The task - From the records below, please repeat exactly the line that has "1916, Eilmarken für", the line that has "DOLCE GABBANA black", and every line between them, and nothing else.

Provided records -
-----

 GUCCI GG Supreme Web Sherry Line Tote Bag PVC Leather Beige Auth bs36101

-----

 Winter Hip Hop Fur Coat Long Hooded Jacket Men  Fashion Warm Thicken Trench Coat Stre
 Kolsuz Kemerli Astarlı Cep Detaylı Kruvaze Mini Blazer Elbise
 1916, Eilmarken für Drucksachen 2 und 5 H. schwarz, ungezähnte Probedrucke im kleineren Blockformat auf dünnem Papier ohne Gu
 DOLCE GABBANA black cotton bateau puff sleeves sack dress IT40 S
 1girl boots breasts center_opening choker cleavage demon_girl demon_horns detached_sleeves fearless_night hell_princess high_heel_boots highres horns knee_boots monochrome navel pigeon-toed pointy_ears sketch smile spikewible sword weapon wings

-----

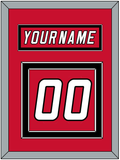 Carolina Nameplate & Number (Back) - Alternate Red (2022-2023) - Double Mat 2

-----

Task output -
 1916, Eilmarken für Drucksachen 2 und 5 H. schwarz, ungezähnte Probedrucke im kleineren Blockformat auf dünnem Papier ohne Gu
 DOLCE GABBANA black cotton bateau puff sleeves sack dress IT40 S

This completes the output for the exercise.